Philbrick v. City of Miami Beach

Appeal brings for review final decree of injunction whereby it was, inter alia, adjudged and decreed:

"The defendants, W.L. Philbrick, Director of Funerals, Inc., and W.L. Philbrick, their servants, agents and employees and each and every of them be and they are hereby permanently and perpetually enjoined and restrained from using lots 8 and 9, Block 3, of Fisher's First Subdivision of Alton Beach, according to the plat thereof recorded in Plat Book 2 at page 77 of the Public Records of Dade County, Florida, and the improvements and buildings situate thereon as a funeral home, a funeral parlor or undertaking establishment, and from using said premises for the purposes of conducting funerals or acting as funeral directors, and that they cease and desist from conducting and holding funerals on said premises, and from advertising or holding themselves out as conducting said business thereon contrary to the provisions of any valid, subsisting ordinance of the City of Miami Beach, prohibiting such uses and actions, but this injunction shall not become effective until ten days from this date."

The case appears to be ruled by our opinion and judgment in the case of State ex rel. Skillman v. City of Miami, 101 Fla. 585, 134 So. 541. It is true that the Skillman case originated with the issuance of a writ of habeas corpus, while in the instant case suit was instituted in Chancery by a municipality, the *Page 541 City of Miami Beach, to enjoin the conducting of a funeral home in a residential district of the City of Miami Beach in violation of the Zoning Ordinance of the City of Miami Beach, Florida.

Had the suit been brought by an individual, the contention of the appellant that special injury would have to be shown might be sustained; but, as it is, suit was brought by the governmental authorities in the governmental function of protecting the public.

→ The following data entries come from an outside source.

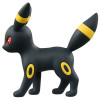 Pokemon - Figurine Monster Collection MonColle Umbreon (Noctali)
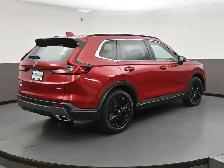 2024 Honda CR-V Hybrid TOURING AWD Clean CARFAX | Hybrid | 44,15 - Photo 39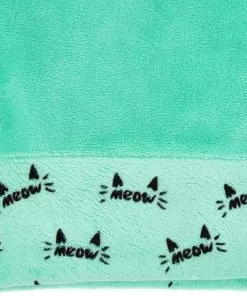 Frisco Kitty Play Sack Cat Toy, Teal -Dog Cat Corner 166486 PT2. SY630 V1573675543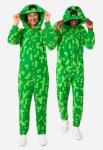 Комбинезон OppoSuits CREEPER, Green - фото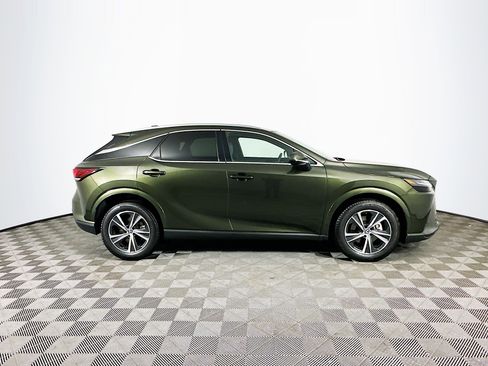 Used 2024 Lexus RX 350 AWD image 8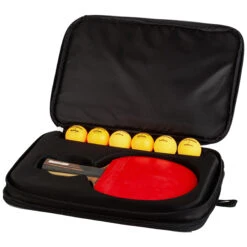 TTC 900 Table Tennis Bat Cover -Ball Sports Shop kbc0e2d24be083354eaed73e0a304ac0a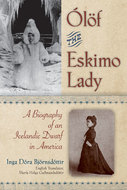 Book cover for '<DIV><DIV>Ólöf the Eskimo Lady</DIV></DIV>'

In Pompano Horse Club v. State, 93 Fla. 415, 111 So. 801, we held:

"The duty of protecting the property right of all its citizens is sufficient warranty in issuing the injunction. Therefore, wherever a public nuisance is shown, equity must enjoin it at the suit of the government. Every place where a public statute is openly, publicly, repeatedly, continuously, persistently and intentionally violated, is a public nuisance."

This enunciation, coupled with what we said in the Sillman case, supra, is sufficient to warrant the injunctive relief.

No reversible error being made to appear in the record the decree is affirmed.

BROWN, C. J., WHITFIELD, BUFORD and ADAMS, J. J., concur.